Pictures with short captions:
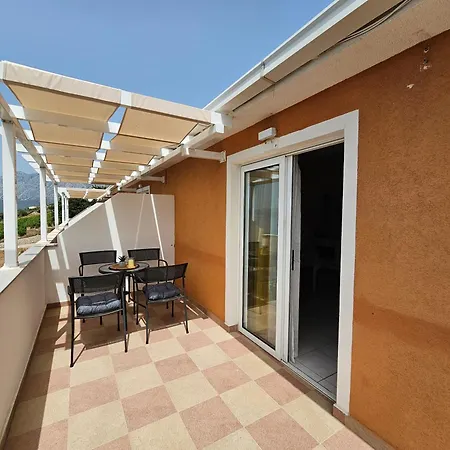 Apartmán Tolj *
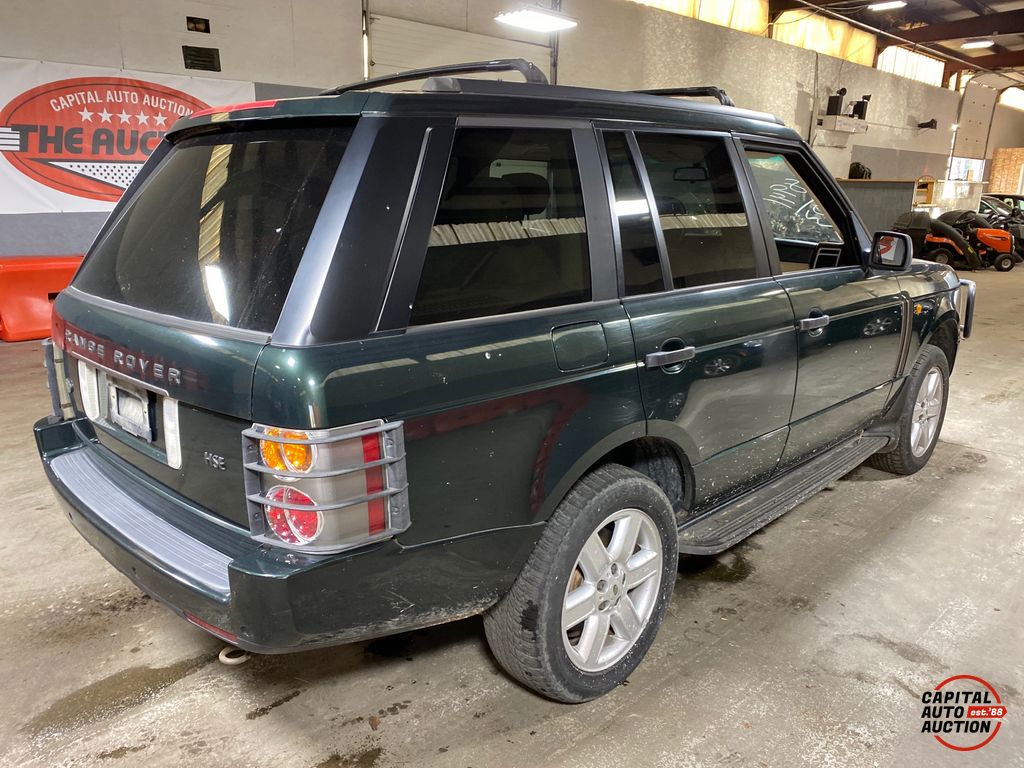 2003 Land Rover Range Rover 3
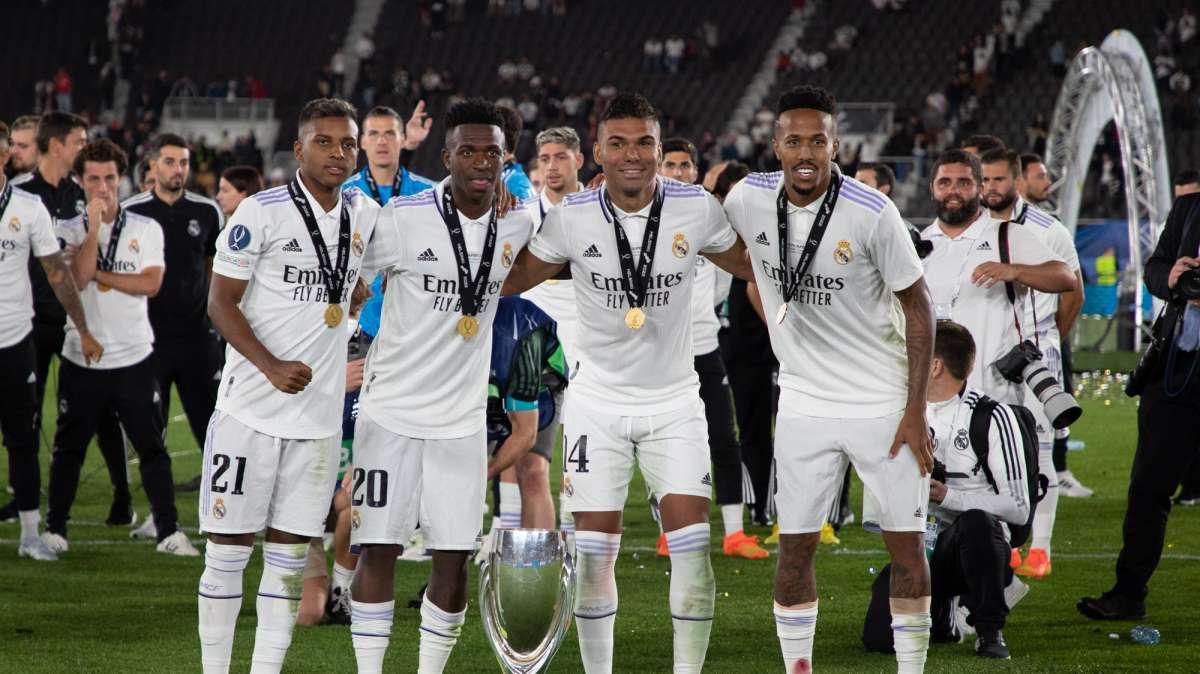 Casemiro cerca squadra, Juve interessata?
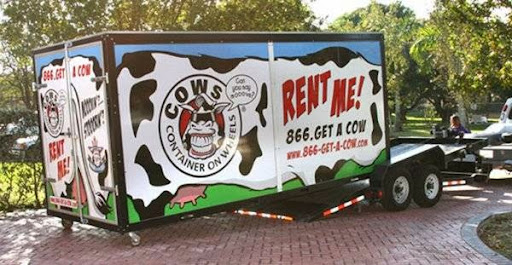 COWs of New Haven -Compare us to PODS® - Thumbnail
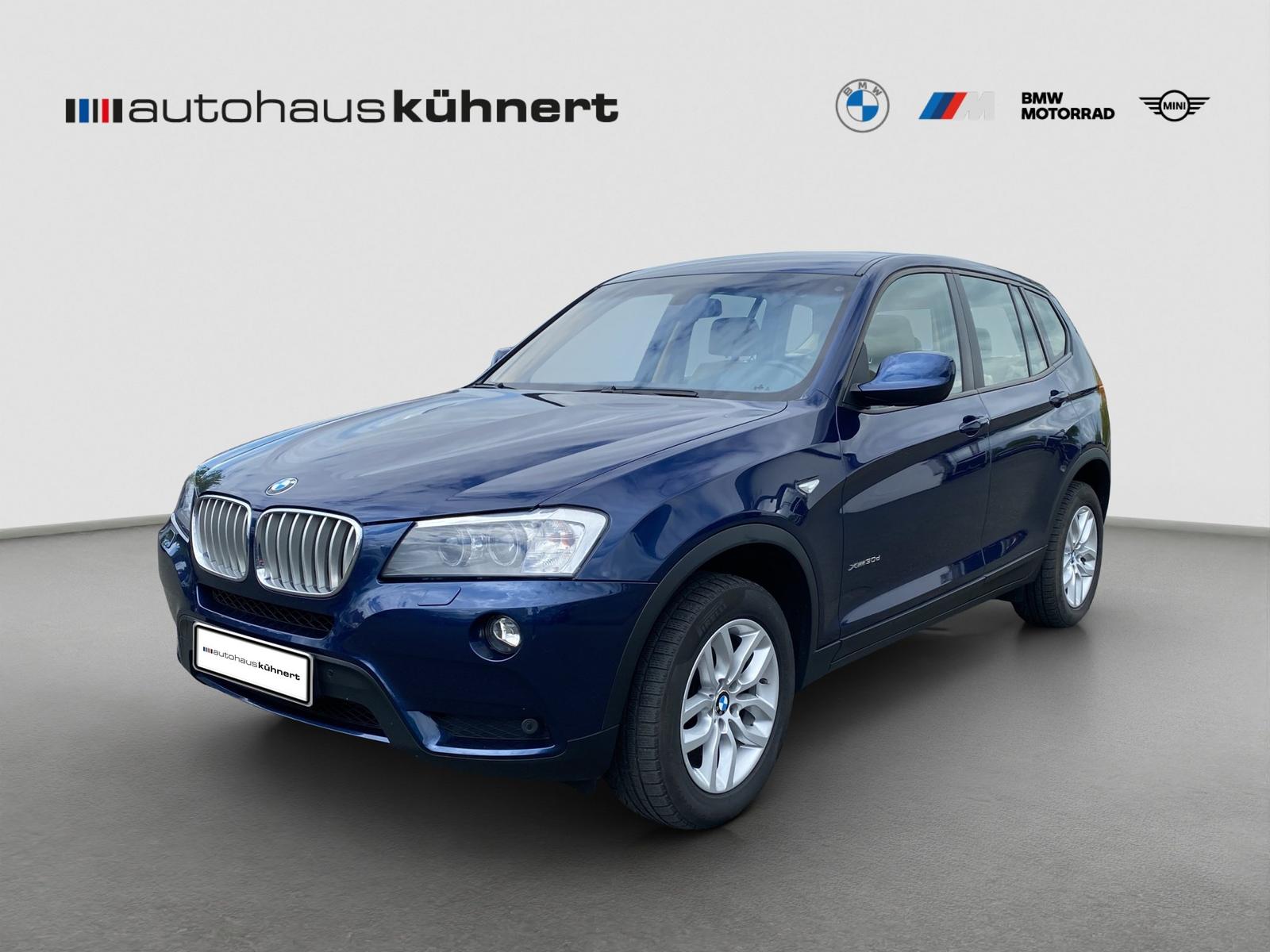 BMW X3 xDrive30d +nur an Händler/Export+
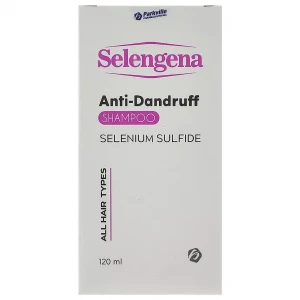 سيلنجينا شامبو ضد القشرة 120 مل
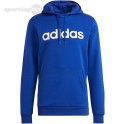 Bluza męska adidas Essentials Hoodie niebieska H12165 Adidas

Assigned task:
What you return must match the records above exactly, minus any images.

Response to this exercise:
 Apartmán Tolj *
 2003 Land Rover Range Rover 3
 Casemiro cerca squadra, Juve interessata?
 COWs of New Haven -Compare us to PODS® - Thumbnail
 BMW X3 xDrive30d +nur an Händler/Export+
 سيلنجينا شامبو ضد القشرة 120 مل
 Bluza męska adidas Essentials Hoodie niebieska H12165 Adidas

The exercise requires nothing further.